I enabled BN in validation to have a real view on my validation metrics with
model.train(). But of course this leads to very poor results when I actually want to use my model on real world data.
So what exactly is happening ? Your model has been fitted to understand small batches : it has “overfitted the batch”. This is very counter-intuitive because we’re accustomed to think that samples seen in a batch are purely independently seen, or rather that batch normalization is just some kind of help and an augmentation. But this view is erroneous, especially on small batch size. If you look at the values that a normalized sample will take inside of a small batch, you can see that they will vary highly. In other words, the standard deviation of the values that your sample takes in random batches of your dataset is high. If you had a greater batch size, say 32, the distribution of values that your normalized sample would take after a BN layer, among random batches, would be much more narrow. I think this is a good view to what exactly is happening when I say that the model overfits the batch. Your model is trained to look at a much wider distribution of values, and is not especially smart of the subset of values that it will see when
model.eval() is set.
I’ve tested a few solutions, some of them outlined in previous answers.
Perform a few forward passes after the training with big batch sizes without gradient descent, and with
model.train() set. This WON’T work. Naturally, if you try to do that, your BN layers will change, while your other layers are frozen. But the problem isn’t that the batch norms metrics (std and mean) are wrong. It is that the actual mean and std of the dataset are bad. Your convolutions are actually set in a way that they need to see extreme values. Tuning your BNs this way will produce effects akin to making your network see purely grey images. It will be hard for it to decipher anything salient at every step of the forward pass.

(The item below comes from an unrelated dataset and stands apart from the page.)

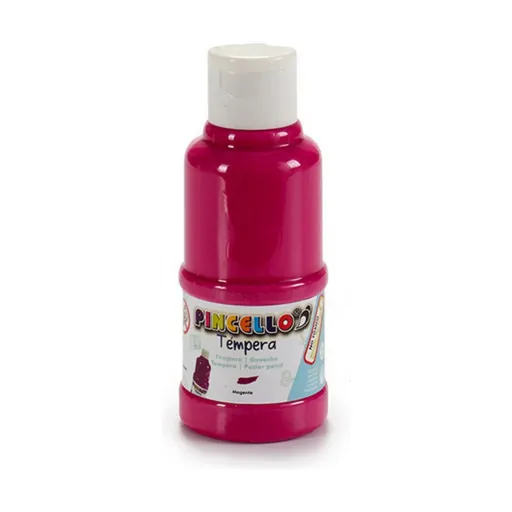 Têmperas Magenta (120 ml) (12 Unidades)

Increase momentum of the BN. THis means that the means and stds “learned” will be much more stable during the process of training. With the same reasonning, you can uderstand why this won’t work. The training still sees the same widened distribution. But the if you set your BN so that during the training, they have more chance to capture the real means and std of the dataset, they will capture values that are not suited for your convolutions !

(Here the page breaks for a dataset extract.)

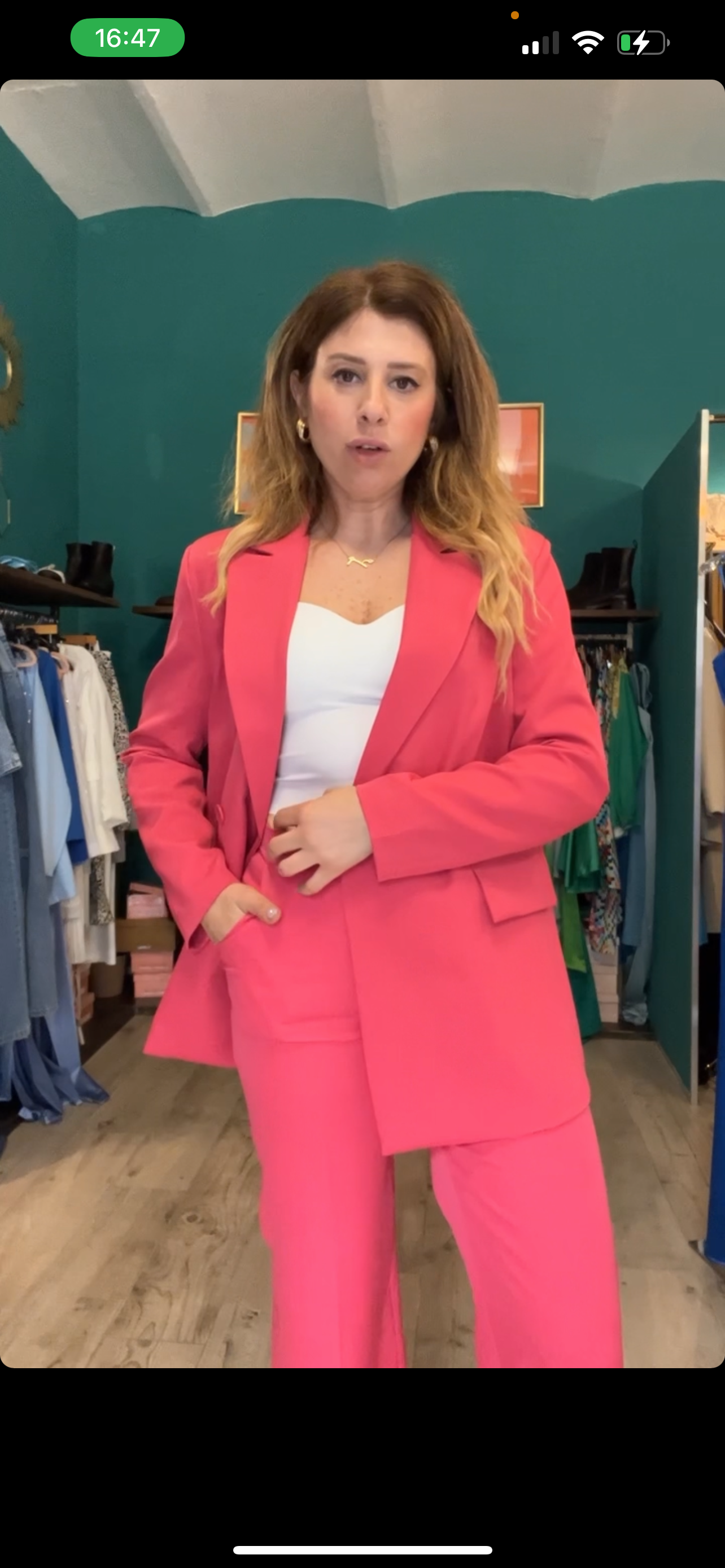 Pantaloni completo sidney new colors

Skipping batches so that you artificially have a higher batch size. That is especially wrong. Because in this manner, exactly as before, you will have a higher chance of capturing the real means and stds of the dataset. But what is especially false, is the assumption that the forward and backward passes are happening differently then. If you have a higher BS, you can hope to reproduce this article results https://arxiv.org/pdf/1711.00489.pdf But it’s a matter of convergence, not of BN. With this tactic, your model will have a different approach to overfitting the batch (with less stochastic variability), but this will still be its goal.

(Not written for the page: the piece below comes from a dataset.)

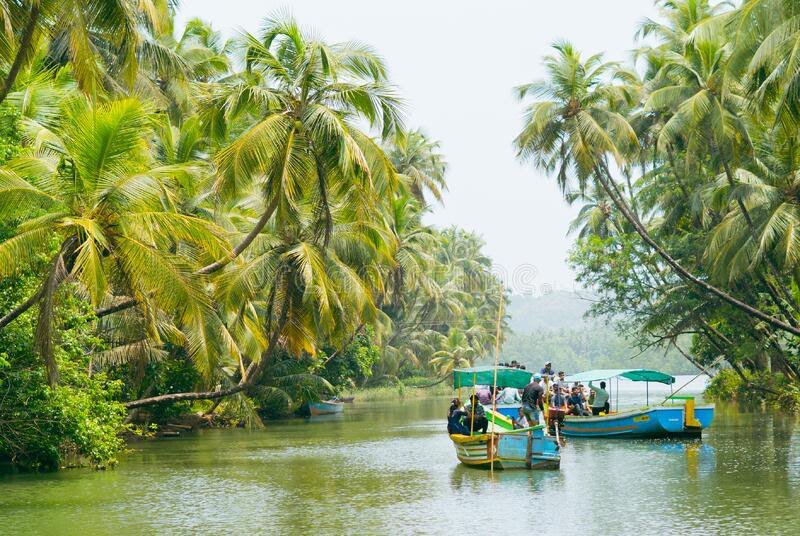 Honnavar Boating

Increasing your memory by adding gpus to your training setup. This is wrong and wasteful. The standard way of doing BN on most frameworks is “gpu specific”. The BN batch mean and std are computed with examples sitting in an individual gpu. That means that with two gpus, at forward time, you actually have two batch means, and stds, at each BN layer. Consequently, thinking that with 4 V100 you’ll solve the problem you had with one, is a really bad strategy for you and your wallet. What would work is having a gpu that is so large that it can fit 32 samples inside its individual memory. For my problem, even 32GB Tesla V100 didn’t cut it (it brought me to 20 samples per gpu, which is not bad, but I could still observe the bad effects of BNs). Nevertheless, depending on your situation, your should try this. Unfortunately, the only 32GB V100 I could use are the ones on the p3dn.16xlarge of aws, which has 8 of them, and is especially costly (and you won’t be able to keep it more than 1H in spot mode).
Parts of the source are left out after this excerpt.